Rapid SINS Two-Position Ground Alignment Scheme Based on Piecewise Combined Kalman Filter and Azimuth Constraint Information

Sensors (Basel). 2019 Mar 5;19(5):1125. doi: 10.3390/s19051125.

Abstract

The accuracy and rate of convergence are two important performance factors for initial ground alignment of a strapdown inertial navigation system (SINS). For navigation-grade SINS, gyro biases and accelerometer offsets can be modeled as constant values during the alignment period, and they can be calibrated through two-position ground alignment schemes. In many situations for SINS ground alignment, the azimuth of the vehicle remains nearly constant.
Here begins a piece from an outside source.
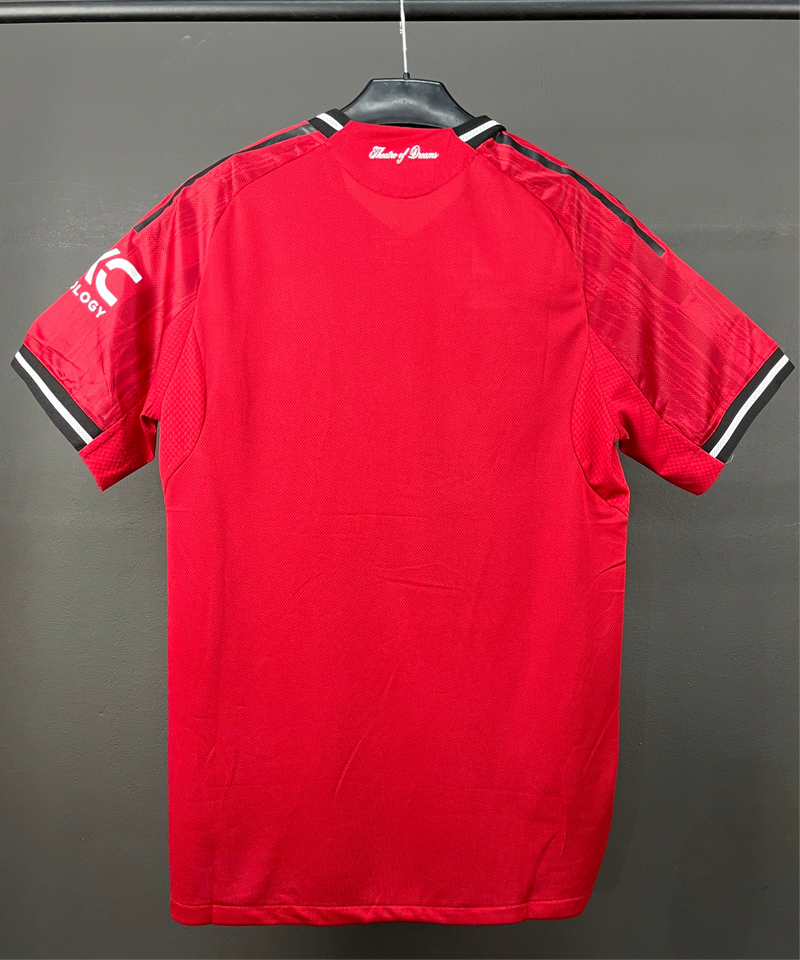 Manchester United Home Jersey 25/26 Player Version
This quasi-stationary alignment information can be used as an augmented measurement. In this paper, a piecewise combined Kalman filter utilizing relative azimuth constraint (RATP) is proposed to improve the alignment precision and to reduce the time consumption for error convergence. It is presented that a piecewise time-invariant linear system can be combined into a whole extended time-invariant linear system so that a piecewise combined Kalman filter can be designed for state estimation. A two-position ground alignment algorithm for SINS is designed based on the proposed piecewise combined Kalman filter. Numerical simulations and experimental results show its superiority to the conventional algorithms in terms of accuracy and the rate of convergence.

Keywords: SINS; piecewise combined Kalman filter; relative azimuth constraints; two-position initial alignment.